Rate Limiting: Concepts, Algorithms, and Real-World Use Cases

A deep-dive into rate limiting and how to implement it in a system design interview. Including real-world use cases and examples!

Jan 28, 2025

Once again, with another recap from what I read around rate limiters from the

book. At the end of the book, I will share all my notes on each chapter, so stay subscribed for that soon! 🔥

That said, on the topic of rate limiters and to generalize - they play a crucial role in maintaining system stability, preventing abuse, and ensuring fair resource allocation.

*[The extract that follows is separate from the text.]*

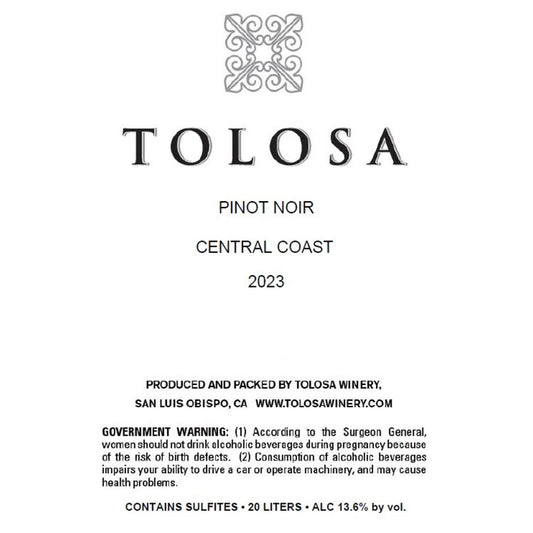 Tolosa Chardonnay Central Coast - 20.0L - Front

So, let's check what rate limiters are, why they're essential, and how to design them effectively. 👇

What is a Rate Limiter?

A rate limiter is a tool that controls the rate of traffic sent or received by a network interface controller (for example, an API).

It's used to prevent DoS (Denial of Service) attacks, manage API usage, and ensure system stability by limiting the number of client requests allowed to be sent over a specified period

example for limiting the number of requests

Why Use Rate Limiters?

Prevent DoS Attacks
This comes as a by-product of the limit we enforce on the number of requests a client can make in a given timeframe. Malicious users won’t be able to make thousands or millions of requests/second as we would limit them 🤷‍♂️
Resource Management
Image a scenario where you application has biig spikes of traffic. For example in e-com - Black Friday is happening, or all of a sudden your website goes viral. Utilizing some rate limiting techniques we can effectively handle such spikes and manage our server resources efficiently.
Cost Control
Take OpenAI for an example. We all now of the limit on requests or tokens we can use per minute/hour/request. All of these limits are enforced and modified based on the Pricing Tier you’re in with your plan. This is done through rate limiters.
Improved User Experience
With rate limiters we achieve better response times and availability for our system, because we prevent server overload.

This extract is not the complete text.